Das globale Kapital setzt den Nationalstaat unter Druck, die rechtlich-politischen Barrieren zu beseitigen, die die bedingungslose Mobilität des transmultinationalen Kapitals verhindern. Dies ist eine der Hauptfunktionen der Gesetzgebung der Europäischen Union, die auf den gesamten Raum der EU übertragen wird. Die zivilisatorische Mission der alten Bourgeoisie der westlich-kolonialen europäischen Staaten zeigt, dass der Kern der EU nicht eine wohlwollende Mission ist, um den ehemaligen osteuropäischen Staaten zu helfen, “voranzukommen”, sondern ein Weg, um die neue Regulierung effektiver zu machen.

Die EU hat in der Vergangenheit vor allem mit so genannten “Gentlemen Agreements” gearbeitet, die geächtete Transaktionen und gewaltsame Kolonisierungsprozesse verdeckt hielten.
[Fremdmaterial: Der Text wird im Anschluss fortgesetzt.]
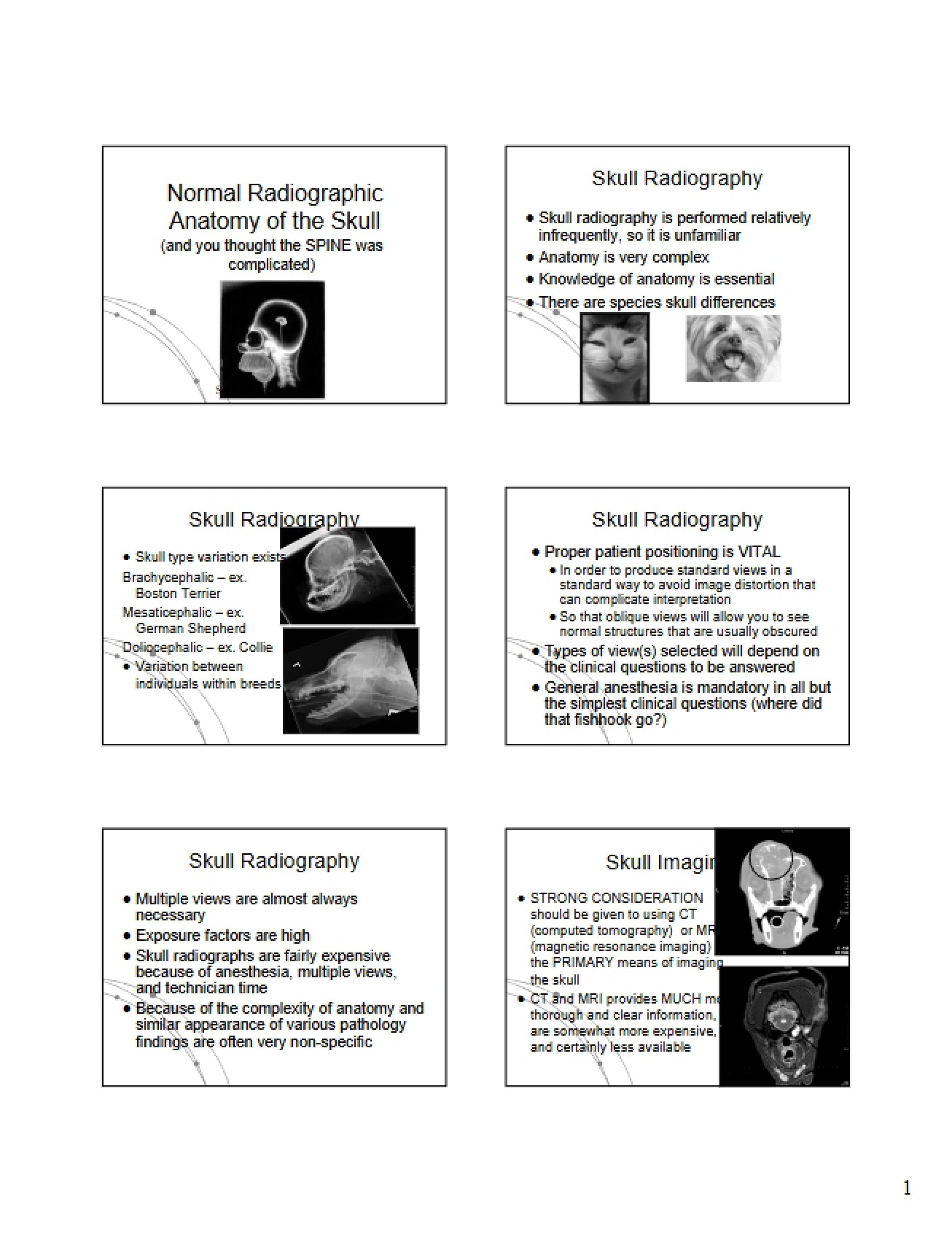 Skull Anatomy Normal Radiographic Views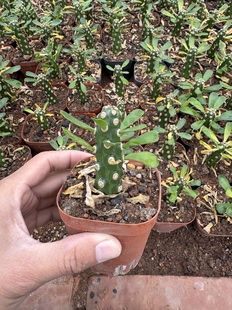 漳州嘟嘟仙人球【无刺霸王鞭】批发量大自根苗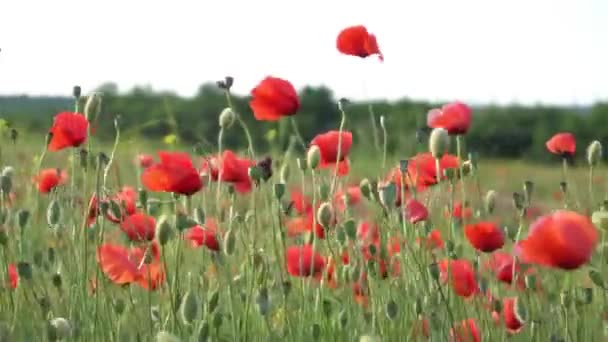 Поппи Красного Искусства Поля Флоры Цветок Природы Солнце Красочный — стоковое видео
Das Kapital im globalen neoliberalen Kapitalismus drückt gezielt auf die rechtlich-politischen Staatsschranken. Die Tatsache, dass wir in dieser so genannten neoliberalen globalen Welt leben, bedeutet nicht, dass wir von Grenzen befreit sind, sondern dass sie “entfernt” werden, damit die Mobilität des transnationalen Kapitals floriert, während andere Grenzen gleichzeitig verstärkt werden.
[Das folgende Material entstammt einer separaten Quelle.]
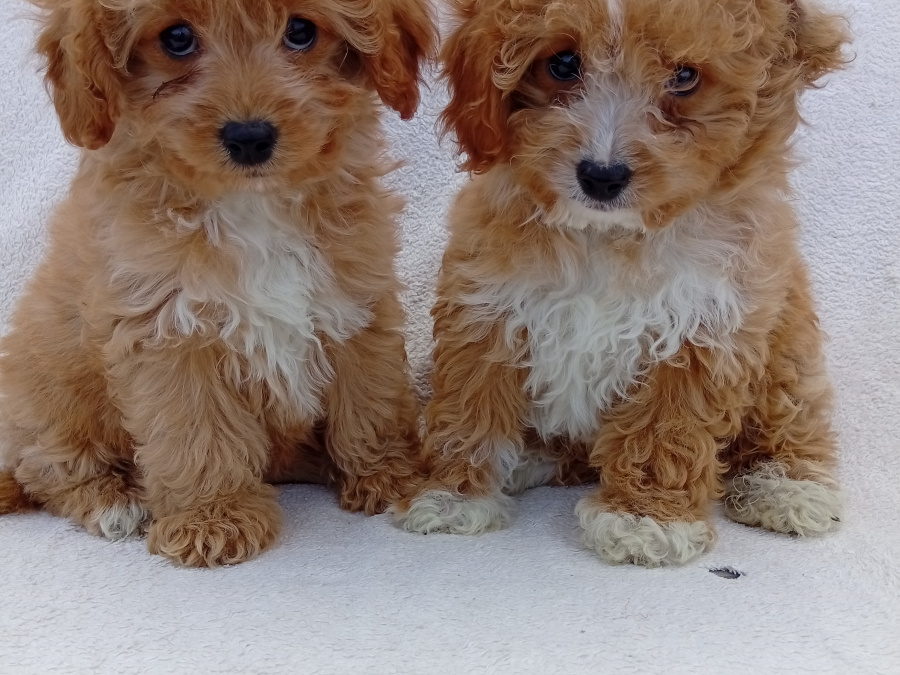 Pups for sale 3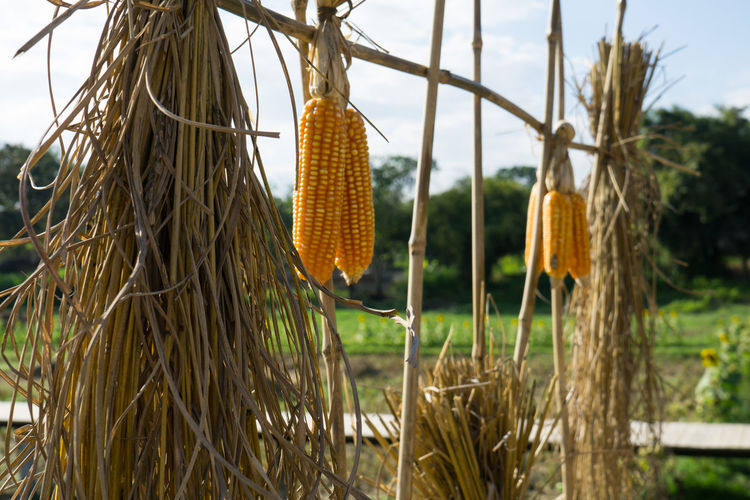 Close-up of corn hanging on field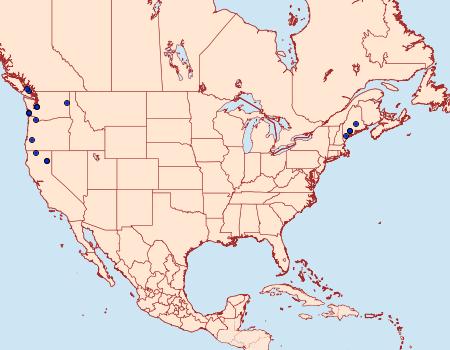 Distribution Data for Pigritia fidella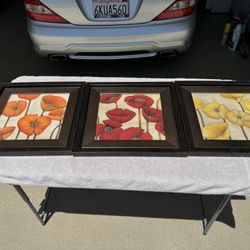 Set of 3 Bed Bath & Beyond Framed Poppy Floral Prints – 17 x 17 – Red Orange Yellow
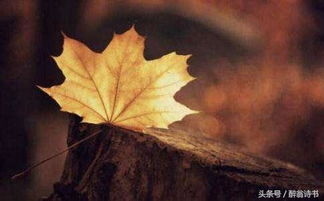 長行歌里關(guān)于枯葉的詩句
Rassismus konstituiert die Festung Europa

Was jetzt nötig ist, ist Rassismus als zentrale Kategorie des abstrakten Staates zu verstehen. Es geht nicht darum, Rassismus zu denunzieren und dann zu sagen, dass die Repressionsapparate des Staates die Regelungen gegen Migrant*innen und Jugendliche der zweiten und dritten Generation verschärft haben (obwohl die Folgen des 2001 begonnenen Krieges gegen den Terror ein radikalisiertes Diskriminierungsverfahren gegen diejenigen, die als Muslime identifiziert werden, durchgesetzt haben).
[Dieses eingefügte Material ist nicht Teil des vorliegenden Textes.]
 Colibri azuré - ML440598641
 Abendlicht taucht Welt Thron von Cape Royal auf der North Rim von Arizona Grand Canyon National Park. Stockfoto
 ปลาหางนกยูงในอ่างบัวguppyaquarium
Es geht darum, anzuerkennen, dass wir in Europa ein vollständig errichtetes Gebilde eines rassifizierten Staates und eines globalen Kapitalismus haben. Daher ist es unsere Aufgabe, die Frage zu stellen, welche Art von politischen, ökonomischen, sozialen und kulturellen (sowie diskursiven) Dispositionen die rassifizierten Koordinaten des Nationalstaats und die rassifizierten epistemischen Koordinaten der zeitgenössischen neoliberalen globalen kapitalistischen Governance zu solchen gemacht haben.

Was sich vielleicht geändert hat, ist nicht nur das, was über rassistische Politiken bekannt ist, sondern wie normalisiert sie heute in Slowenien und Europa geworden sind. Die unerkannte, aber spürbar sichtbare, wenn auch verleugnete rassistische Geschichte, wird dann innerhalb anderer Themen der Sicherheits- und Schutzpolitik der EU normalisiert. Was Ende dabei herauskommt ist die “Festung Europa” mit ihrer neoliberalen, rassifizierten und ausbeuterischen Struktur. Rassismus und Rassifizierung sind gewaltsame Verfahren der Inklusion mit Hilfe von Exklusion; es ist nichts anderes als Apartheid innerhalb und ohne den Nationalstaat.